*Names in bold indicate Presenter
In this paper, we examine the wage trajectories of Virginia community college students, using unit-record transcript data from all 23 community colleges matched with quarterly Unemployment Insurance records from several states. Each student is tracked for at least seven years, including pre-enrollment, during-college, and post-credential wage observations. To explore wage trajectories as a growth process, we employ a multilevel growth curve modeling approach (MGCM). Under MGCM, individual students’ repeated measures of wage are modeled as a function of time, allowing for individual heterogeneity in growth trajectories and an examination of how these trajectories differ according to student characteristics (such as gender, race, age, or type of credential). To examine how trajectories shift as students enter and exit college, we employ piecewise MGCM, which allows each student’s growth estimate to vary across pre-enrollment, during-enrollment, and post-credential periods. We compare the wage trajectories of students who earned short-term certificates, long-term certificates, associate degrees, or transferred to earn a bachelor’s degree, compared to a base group of students who enrolled but later dropped out.

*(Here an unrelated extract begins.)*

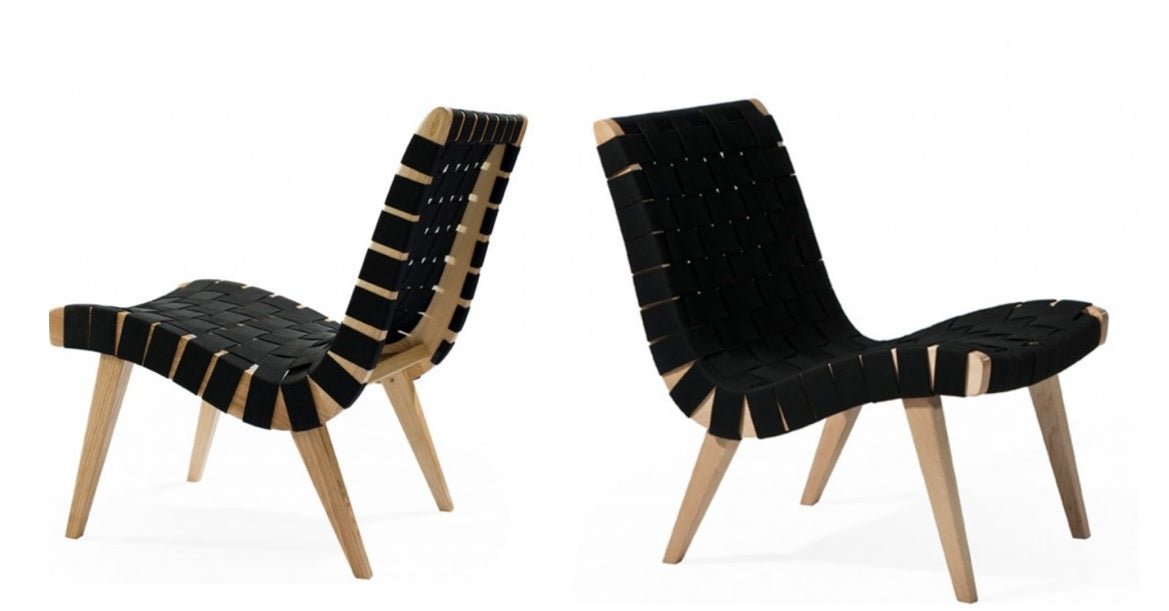 Sillón de diseño madera relax con ottoman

Consistent with previous research, we find stronger returns to longer-term degrees. However, the growth curve analysis approach reveals several important methodological considerations. First, credentials vary in the extent of their immediate wage jump, as well as in the extent to which they bend the wage growth curve upward. Thus, conclusions regarding which credentials have higher returns will vary according to a researcher’s selection of follow-up timeframe. Second, different types of students vary strongly in both their pre-college and during-college wage curves, indicating not only that students experience heterogeneous opportunity costs for college attendance, but also that the key “parallel growth” assumption underlying the individual fixed effects model may not hold. Third, the pre-college earnings of younger students seem to underrepresent their actual earning potential; as a result, an individual fixed effects approach would tend to exaggerate the returns to schooling for these students. Applying these insights, we discuss how standard methodological approaches to the estimation of labor market returns could be adjusted to allow for more accurate estimates.